Re: drastic changes to allocsize semantics in or around 2.6.38?

Marc Lehmann <schmorp@xxxxxxxxxx> · Sat, 21 May 2011 06:16:52 +0200

On Sat, May 21, 2011 at 01:15:37PM +1000, Dave Chinner <david@xxxxxxxxxxxxx> wrote:
> > The lifetime of the preallocated area should be tied to something sensible,
> > really - all that xfs has now is a broken heuristic that ties the wrong
> > statistic to the extra space allocated.
> 
> So, instead of tying it to the lifecycle of the file descriptor, it
> gets tied to the lifecycle of the inode.

That's quite the difference, though - the former is in some relation to
the actual in-use files, while the latter is in no relation to it.

> those that can be easily used.  When your workload spans hundreds of
> thousands of inodes and they are cached in memory, switching to the
> inode life-cycle heuristic works better than anything else that has
> been tried.

The problem is that this is not anything like the normal case.

It simply doesn't make any sense to preallocate disk space for files that
are not in use and are unlikely to be in use again.
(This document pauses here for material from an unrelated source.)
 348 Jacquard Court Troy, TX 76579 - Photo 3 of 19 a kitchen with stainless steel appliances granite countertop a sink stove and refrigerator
> One of those cases is large NFS servers, and the changes made in 2.6.38
> are intended to improve performance on NFS servers by switching it to
> use inode life-cycle to control speculative preallocation.

It's easy to get some gains in special situations at the expense of normal
ones - keep in mind that this optimisation makes little sense for non-NFS
cases, which is the majority of use cases.

The problem here is that XFS doesn't get enough feedback in the case of
an NFS server which might open and close files much more often than local
processes.

However, the solution to this is a better nfs server, not some dirty hacks
in some filesystem code in the hope that it works in the special case of
an NFS server, to the detriment of all other workloads which give better
feedback.

This heuristic is just that: a bad hack to improve benchmarks in a special
case.

The preallocation makes sense in relation to the working set, which can be
characterised by the open files, or recently opened files.

Tieing it to the (in-memory) inode lifetime is an abysmal approximation to
this.

I understand that XFS does this to please a very suboptimal case - the NFS
server code which doesn't give you enough feedback on which files are open.

But keep in mind that in my case, XFS cached a large number of inodes that
have been closed many hours ago - and haven't been accessed for many hours
as well.

I have 8GB of ram, which is plenty, but not really an abnormal amount of
memory.

If I unpack a large tar file, this means that I get a lot of (internal)
fragmentation because all files are spread over a large area than
necesssary, and diskspace is used for a potentially indefinite time.

> > However, the behaviour happens even without that.  but might not be
> > immediately noticable (how would you find out if you lost a few
> > gigabytes of disk space unless the disk runs full? most people
> > would have no clue where to look for).
> 
> If most people never notice it and it reduces fragmentation
> and improves performance, then I don't see a problem. Right now

Preallocation sure also increases fragmentation when its never going to be
used.

> evidence points to the "most people have not noticed it".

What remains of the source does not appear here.